**WHAT TO PRODUCE:** What you write must match, character for character, the lines from the one with "Ventilateur de boitier" down to the one with "پلاک گردنبند طلا" in the listing below, minus its pictures.

**THE DATA:**

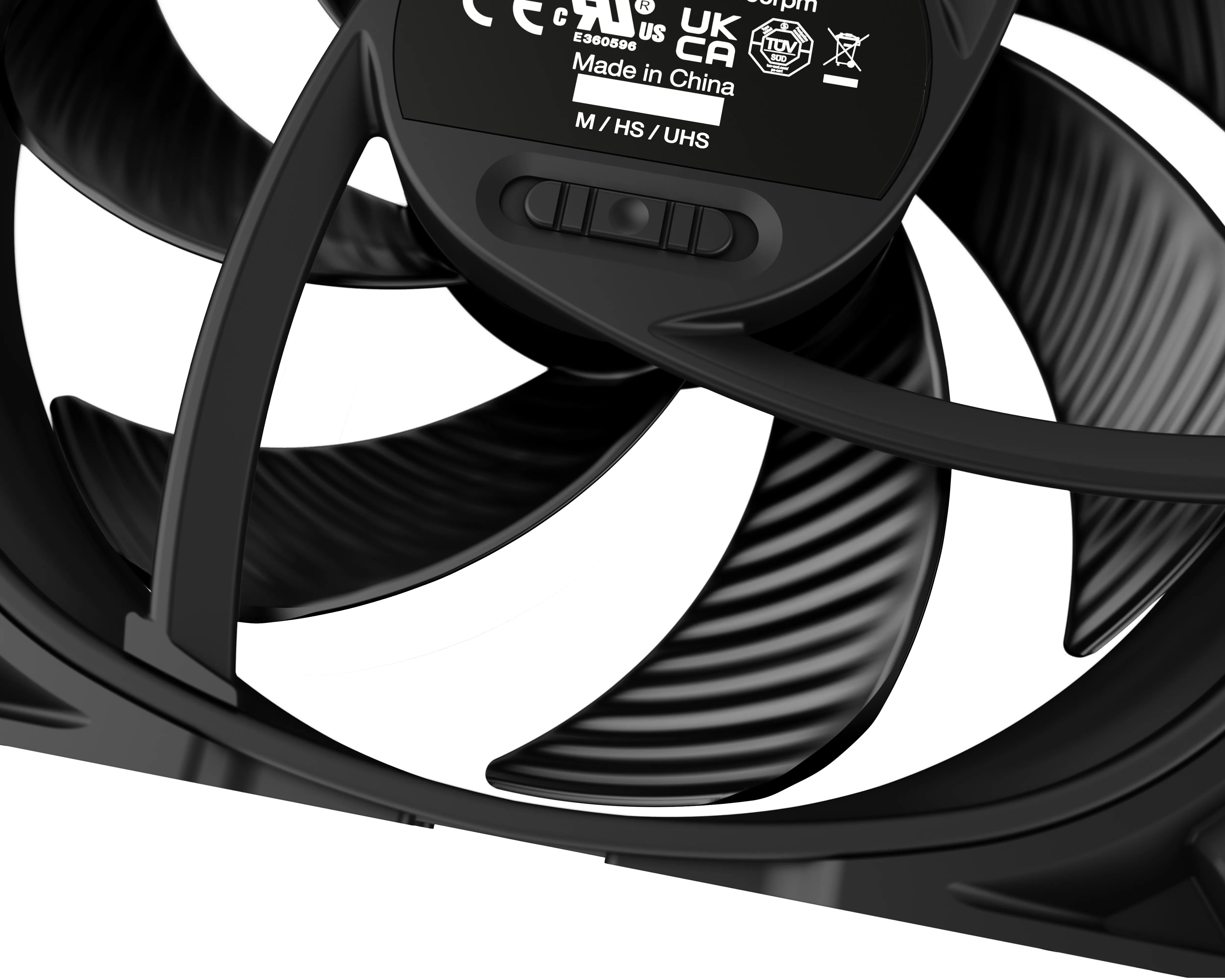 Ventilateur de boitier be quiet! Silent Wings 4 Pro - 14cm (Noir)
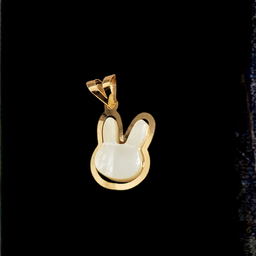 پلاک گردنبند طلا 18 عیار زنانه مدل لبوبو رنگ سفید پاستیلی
* * *
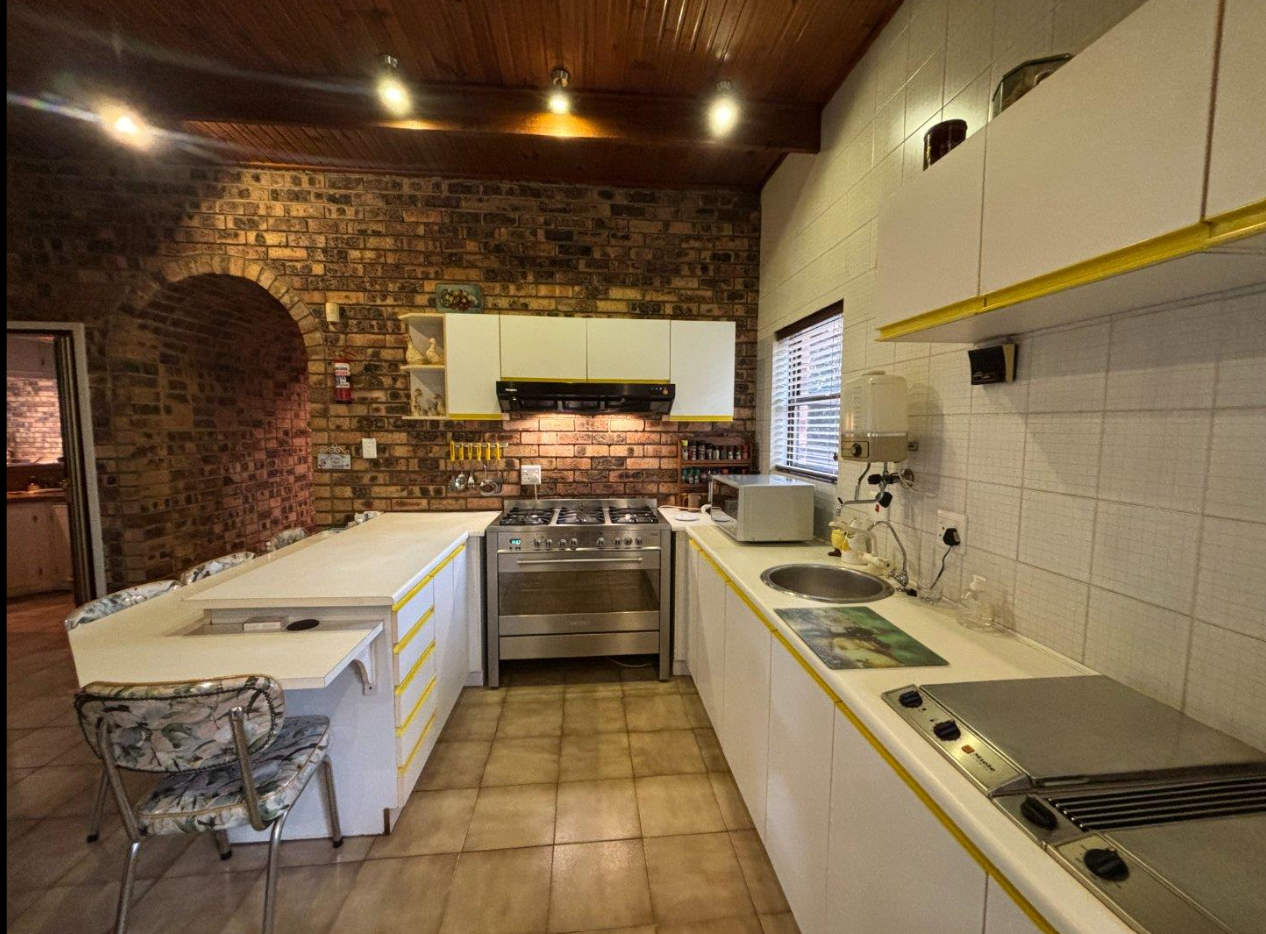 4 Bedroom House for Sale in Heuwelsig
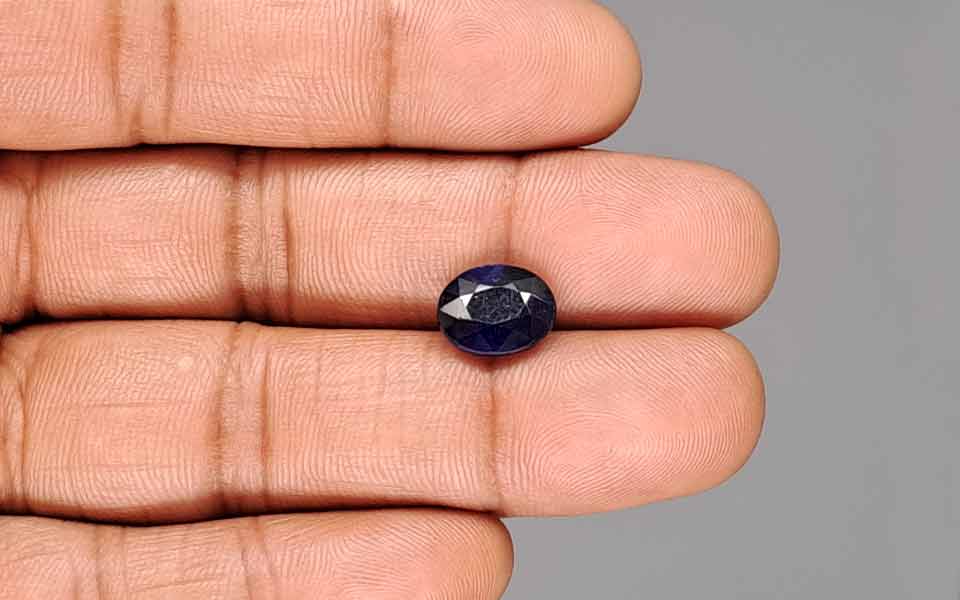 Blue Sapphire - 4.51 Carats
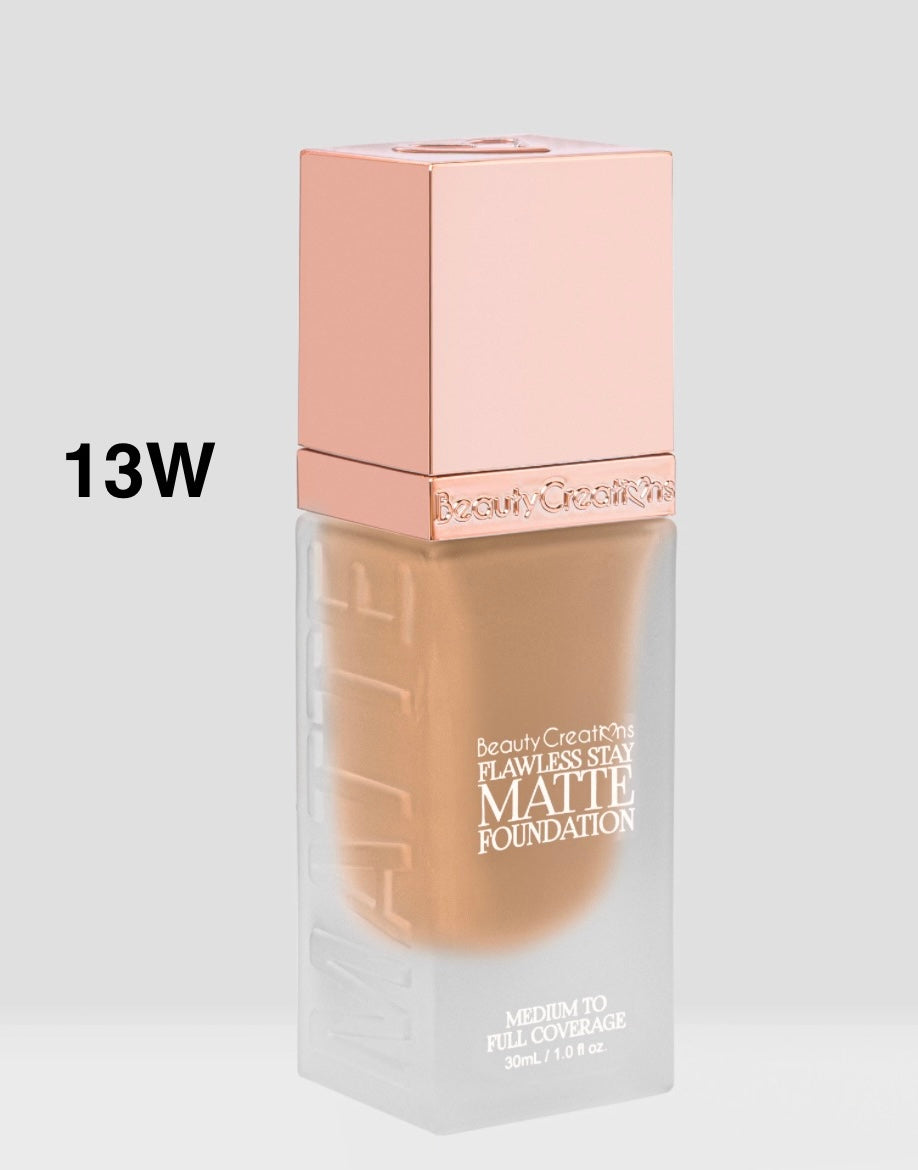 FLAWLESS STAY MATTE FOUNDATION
* * *
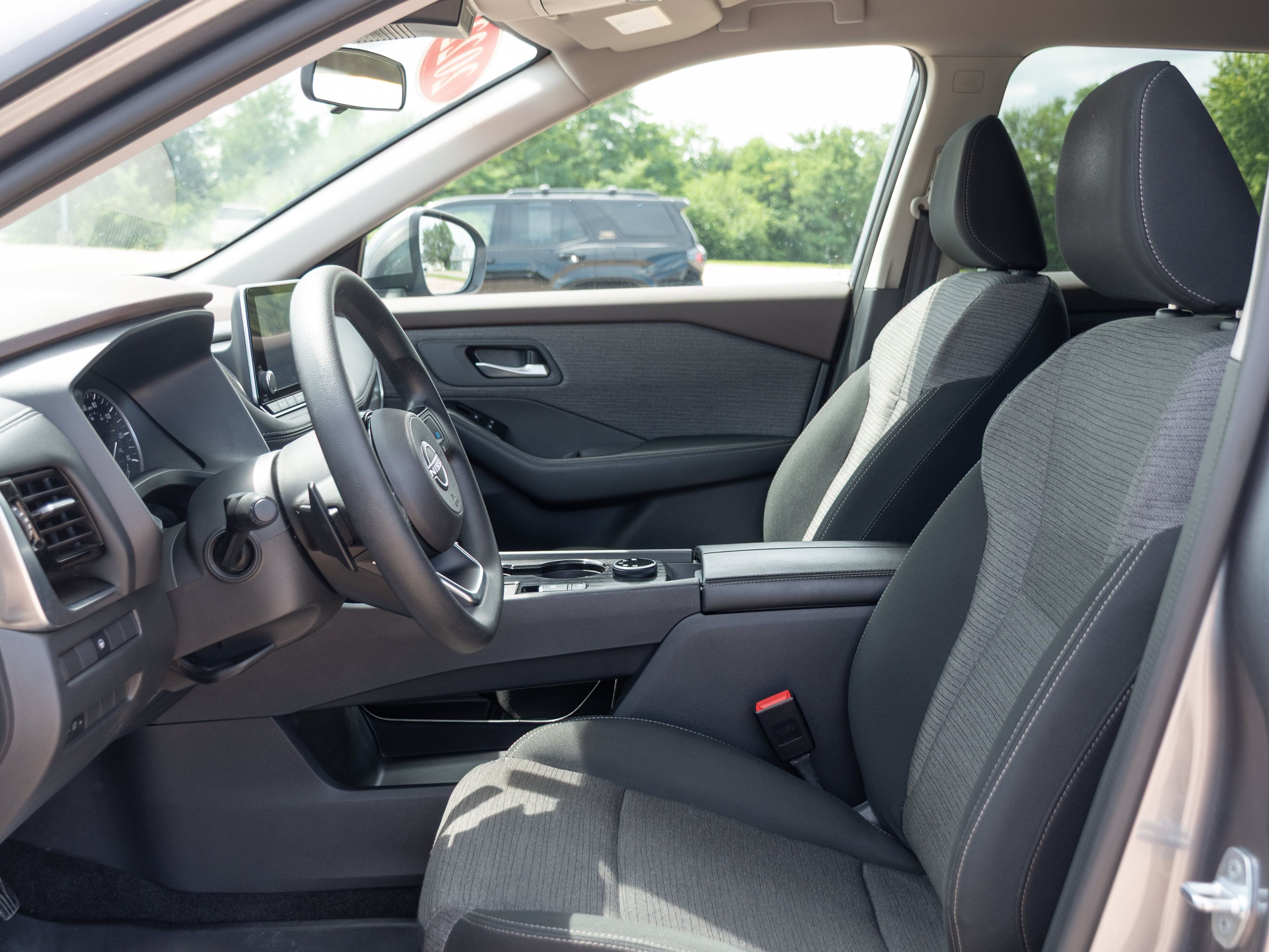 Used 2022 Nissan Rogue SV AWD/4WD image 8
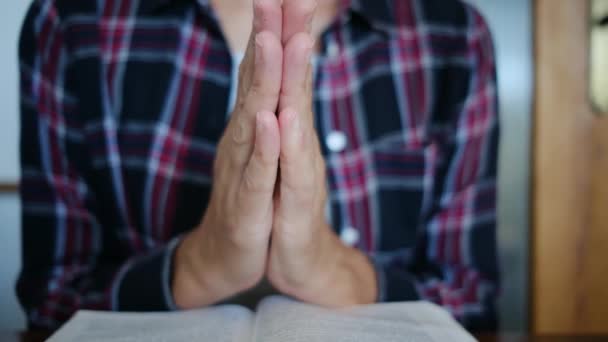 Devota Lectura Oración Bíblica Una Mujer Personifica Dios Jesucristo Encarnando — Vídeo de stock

**YOUR SOLUTION:**
 Ventilateur de boitier be quiet! Silent Wings 4 Pro - 14cm (Noir)
 پلاک گردنبند طلا 18 عیار زنانه مدل لبوبو رنگ سفید پاستیلی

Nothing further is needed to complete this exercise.